Саша (Алекс, Александр Михайлович) Щедрин-ский – неутомимый дегустатор Нью-Йорка. Он не признавал типичного эмигрантского восхождения к сути вещей: прозябание где-нибудь в Бруклине, трудовые будни, выезды на Манхэттен за впечатлениями и ощущение себя чужаком, для которого недоступны какие-то высшие формы жизни. Чтобы лет через пятнадцать, экономически приподнявшись, перебравшись в более престижный район того же Бруклина-Квинса, ощутив свою стопроцентную американистость, отказаться от «Нового русского слова», говорить официанткам honey и выбирать на кухню постеры Шагала. Нет, Щедрин-ский был не таков. В пору своего соискательства (советская степень у него была, нужна была американская докторская) он мог довольствоваться двумя бананами в день, но уже знал, где в вестибюле Tramp Building занять столик в кафе, причем не так, чтобы видеть перед собой расслабленных маклеров высшего звена, а чтобы наблюдать струи водопада, медленно стекающие по стене.
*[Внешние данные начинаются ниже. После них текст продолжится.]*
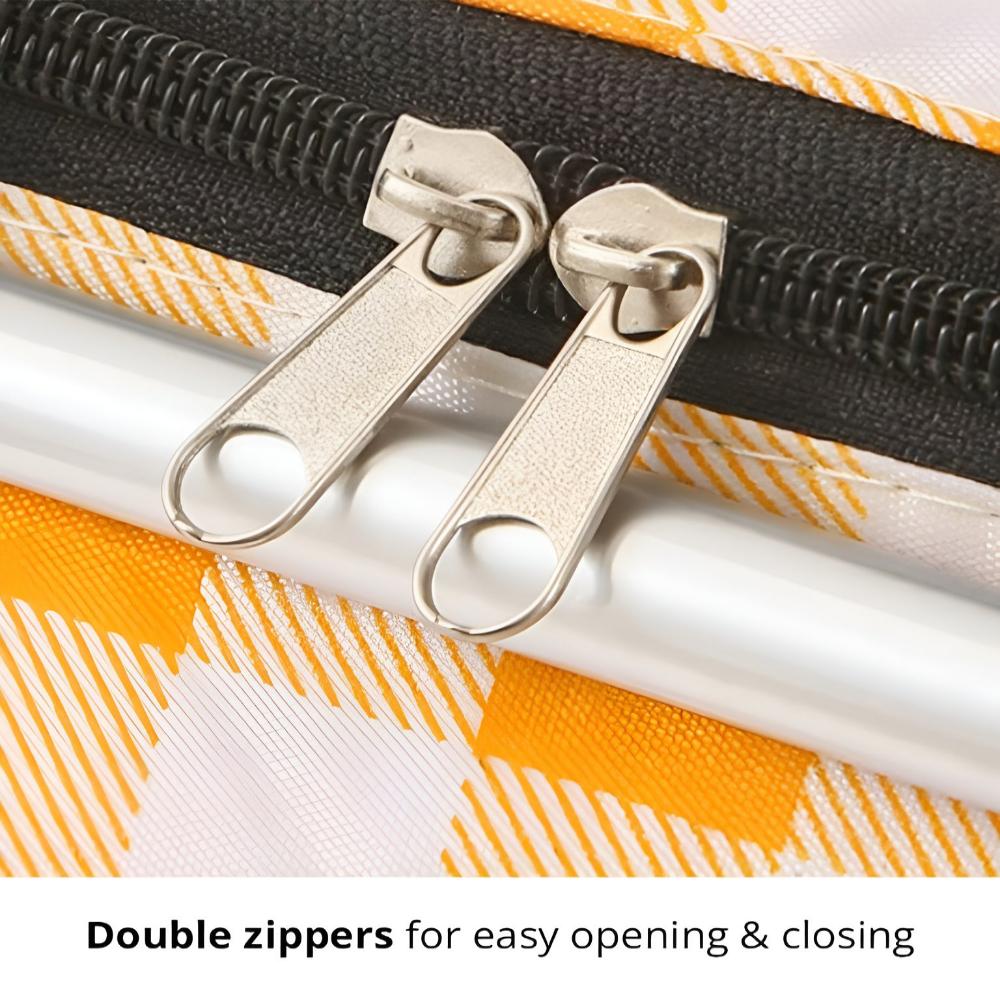 Norvo | Sammenleggbar Rutete Picknickkurv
К тому времени, как мы подружились, он был уже нью-йоркским профессором. «Для тела» (по Саше Черному) был полный рабочий день изнурительного преподавания университетского курса химии будущим фармацевтам. «Для души» был Метрополитен (химик-реставратор, и, как писала «Нью-Йорк Таймс», лучший в мире специалист по янтарю, Щедринский был до мозга костей музейным человеком, и был счастлив хоть на какое-то время вырваться от провизоров). «Тело» чувствовало себя ущемленным, университетская зарплата урезалась. Щедринский не унывал. На гурманский, популярный среди понимающих магазин Zabar's хватало, а за ресторанами он следил по справочнику Zagat. «Не для того я эмигрировал, чтобы во всем себе отказывать», – говорил он, разворачивая меню в очередном самом вкусном, по оценке Zagat, ресторане месяца. Когда мы познакомились в Нью-Йорке, в Ленинграде было не до Zagat. Потребление – по крайней мере, в моем кругу – было сведено до минимума. Великое товарное поражение Советов правило бал. Оно-то меня как раз меньше беспокоило. Не был я и страдальцем по имперскому величию. Но по мере дегустации Нью-Йорка на меня обрушивались другие очевидные поражения: музейные, архитектурные, кулинарные. Империя опоздала по всем направлением, рушилась без всякого величия. И вот теперь она меня выплюнула – делай, что хочешь. И не потому, что зубы об меня обломала, моя воля и тут в расчет не принималась. Просто испустила дух. Во всяком случае, в советской своей инкарнации.